Das hört sich nach schwierigen Verhandlungen an.

Willkomm: In vielen Bereichen gibt es aktuell Engpässe in der Warenversorgung - auch bei den Grundnahrungsmitteln. Ein befreundeter Reis-Produzent aus Italien hat sein Lager voller Reis, findet aber keine Folie zum Verpacken. Alternativen zu finden ist schwer, denn Papier und Aluminium gibt es derzeit auch nicht. Das Problem ist: Es geht allen so. Früher hatte man die Chance, zu verschiedenen Lieferanten zu gehen. Aber aktuell gibt es gar keinen Wettbewerb mehr.

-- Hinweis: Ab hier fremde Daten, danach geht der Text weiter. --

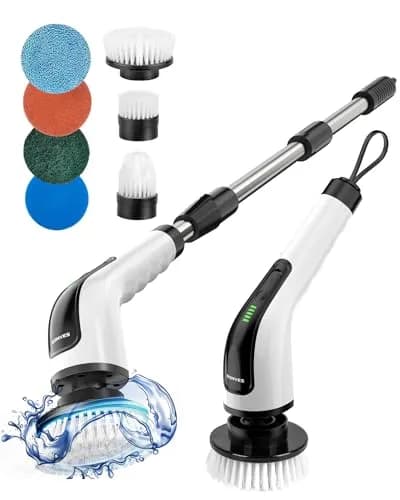 Bomves Electric Spin Scrubber with Long Handle & 8 Replaceable Brush Heads | 45in (114cm) Extendable, 500 RPM, Cordless Bathroom Cleaner thumbnail 1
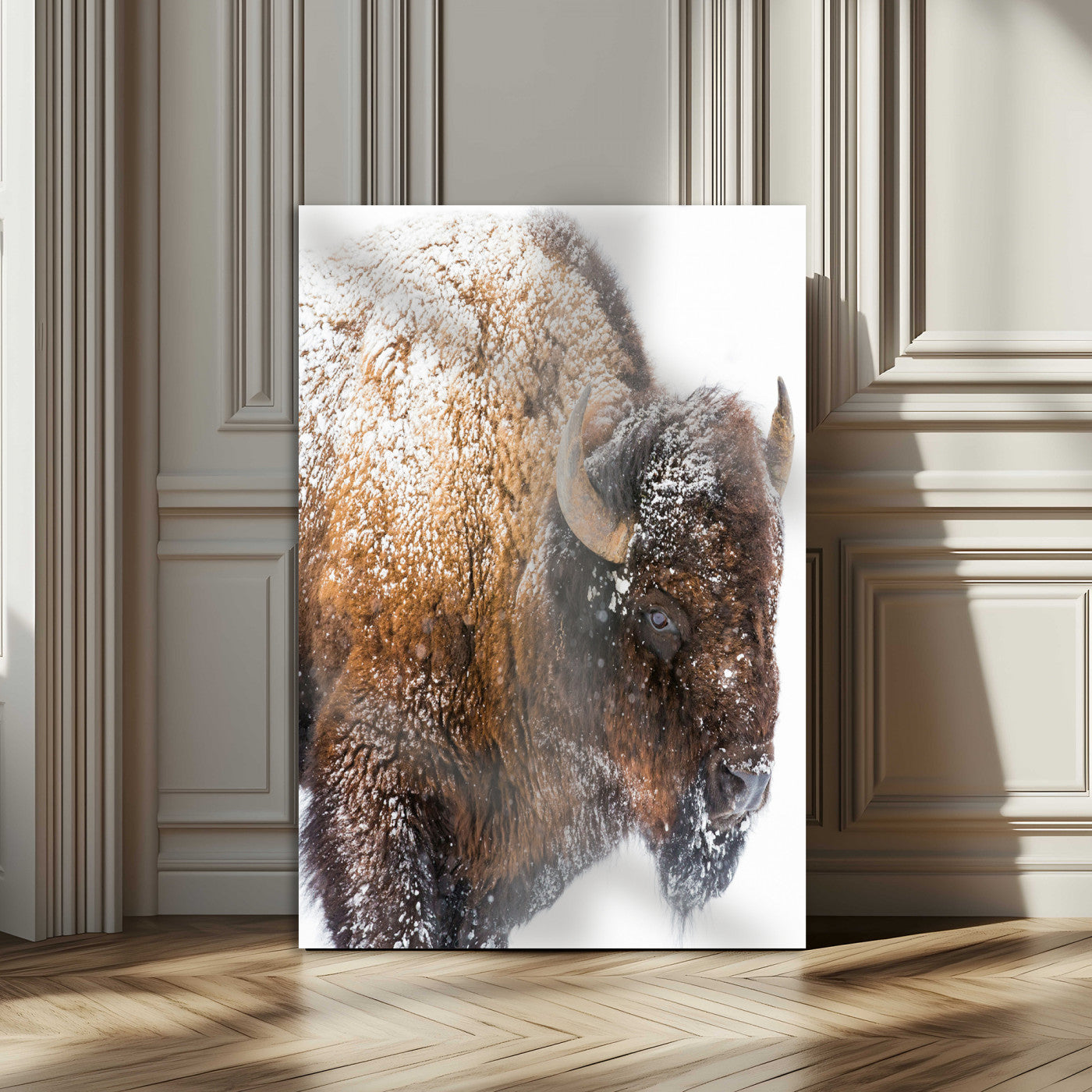 27690436-MGV-CV-24X36-Snowy Buffalo Wall Art Canvas Print, Framed Wildlife Photography Art Picture Print, Rustic Lodge Perfect Rustic Lodge Decor Decor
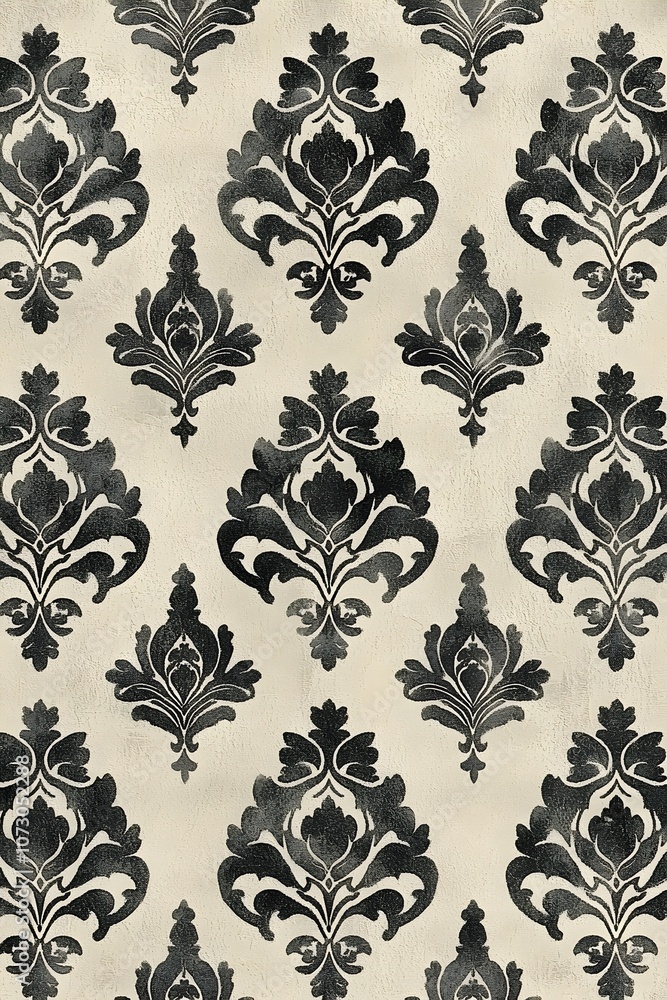 A classic black and gray damask pattern on a soft beige background, perfect for elegant interior design and textiles, adding a touch of sophistication to any space. A classic black and gray damask pattern on a soft beige background, perfect for elegant interior design and textiles, adding a touch of sophistication to any space.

Die Verknappung der Rohstoffe hat Preissteigerungen zur Folge. Haben Sie die höheren Preise an die Kunden weitergegeben?

Willkomm: Es ist eine ständige Verhandlung und es sind immer individuelle Gespräche erforderlich. Alle wissen, dass Energiekosten und Verpackungsmaterial um 30 Prozent gestiegen sind. Entsprechend müssten auch wir unsere Preise pro Flasche um einige Cent anheben. Bei teureren Weinen fallen fünf Cent nicht ins Gewicht, aber bei eng kalkulierten Flaschen, die für 1,99 oder 2,49 Euro verkauft werden, zählt jeder Cent. Im Vergleich zu anderen Produkten, sind die höheren Preise noch am wenigsten bei Wein durchgeschlagen.

Das heißt, Ihre Marge wird in diesem Jahr geringer ausfallen?

Willkomm: Ja, absolut.

Wie sieht’s bei den Fassweinpreisen aus?

Willkomm: Durch die kleinen Ernten sind die Preise im Herbst massiv gestiegen. Wir sind dem Handel gegenüber immer transparent und die Fassweinpreise sind öffentlich. Das wird bei den Jahresgesprächen berücksichtigt. Es ist für den Handel immer gut, wenn der Lieferant eine kreative Lösung hat. Daher bemühen wir uns, der aktuellen Situation mit Flexibilität zu begegnen und den Handelspartnern innovative Lösungsansätze anzubieten.

So extrem wie in diesem Jahr war es aber noch nie. Oder?

Willkomm: Ich arbeite seit 50 Jahren in der Weinbranche. So etwas habe ich wirklich noch nie erlebt.

Verzeichnen Sie seit Beginn des Ukraine-Krieges weitere Probleme?

Willkomm: Sicher, denn vor allem aus der Region Donezk kommen wichtige Rohstoffe wie das Aluminiumerz Bauxit und auch Kalk, die in der Landwirtschaft sowie auch für die Herstellung von Blech und Legierungen verwendet werden. Auch aus Russland bezieht die europäische Wirtschaft viele Rohstoffe. Mittelständische Unternehmen, die im Vergleich zu großen Konzernen viel weniger flexibel sind, haben das Nachsehen.